→ **Extracted records**
*** Block opens ***

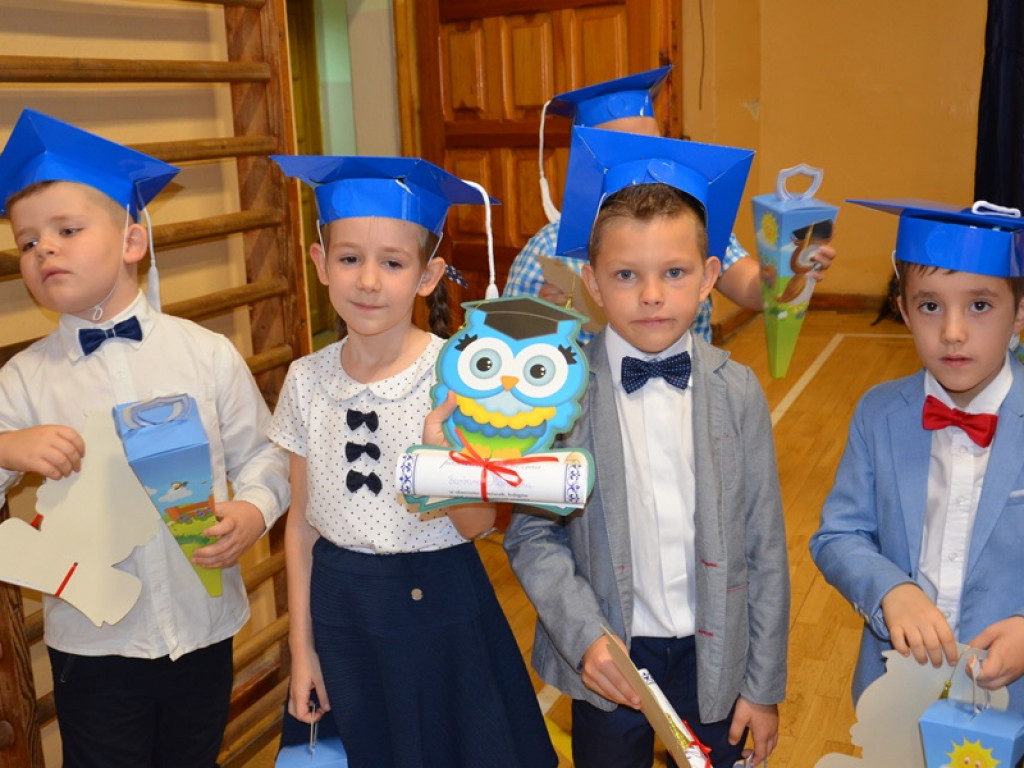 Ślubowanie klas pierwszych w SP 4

*** Block closes ***
*** Block opens ***

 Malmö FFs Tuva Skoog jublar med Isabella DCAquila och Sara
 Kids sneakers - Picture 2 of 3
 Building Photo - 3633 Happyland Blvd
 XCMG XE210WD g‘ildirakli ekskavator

*** Block closes ***

→ **Activity**
Using the entries shown above, reproduce verbatim the lines from the line bearing "Kids sneakers - Picture 2 of 3" to the line bearing "XCMG XE210WD g‘ildirakli ekskavator", inclusive.

→ **Output of the exercise**
 Kids sneakers - Picture 2 of 3
 Building Photo - 3633 Happyland Blvd
 XCMG XE210WD g‘ildirakli ekskavator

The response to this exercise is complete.